The input:
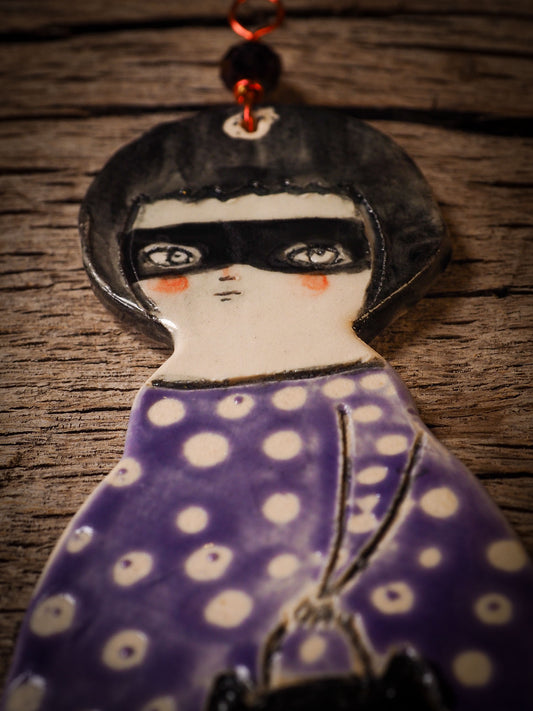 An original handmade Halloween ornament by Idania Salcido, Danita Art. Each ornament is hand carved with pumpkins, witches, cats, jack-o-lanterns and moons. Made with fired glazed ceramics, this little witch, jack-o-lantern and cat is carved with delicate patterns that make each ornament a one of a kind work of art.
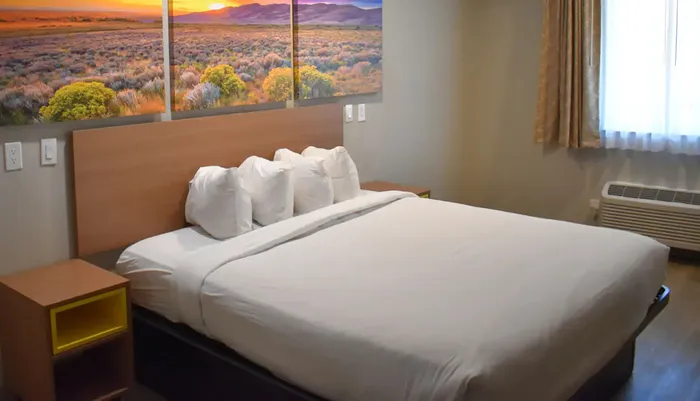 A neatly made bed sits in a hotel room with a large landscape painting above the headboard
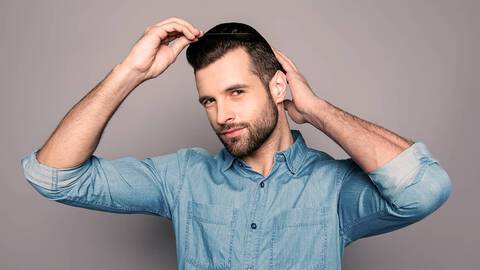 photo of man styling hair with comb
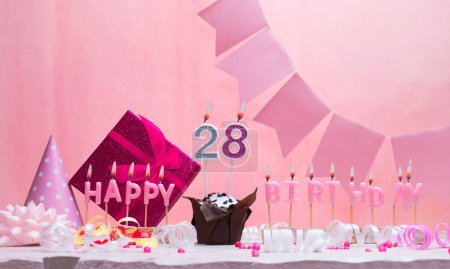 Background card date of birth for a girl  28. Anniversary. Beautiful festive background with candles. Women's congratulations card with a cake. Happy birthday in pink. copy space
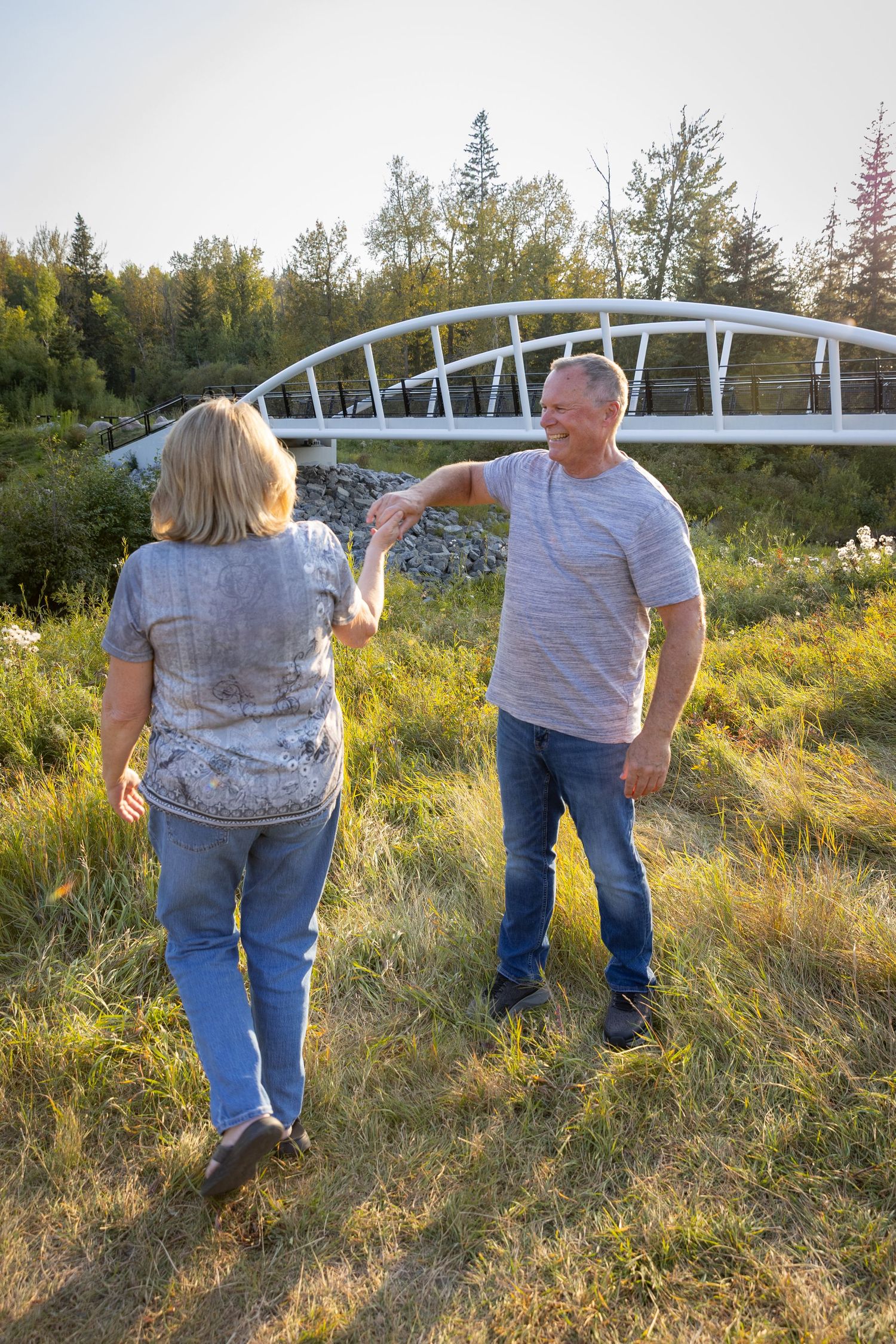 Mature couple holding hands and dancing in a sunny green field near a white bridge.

Activity: Quote exactly, and only, the lines from the line containing "A neatly made" through the final line of the records above, both included, omitting any pictures.

Answer to this problem:
 A neatly made bed sits in a hotel room with a large landscape painting above the headboard
 photo of man styling hair with comb
 Background card date of birth for a girl  28. Anniversary. Beautiful festive background with candles. Women's congratulations card with a cake. Happy birthday in pink. copy space
 Mature couple holding hands and dancing in a sunny green field near a white bridge.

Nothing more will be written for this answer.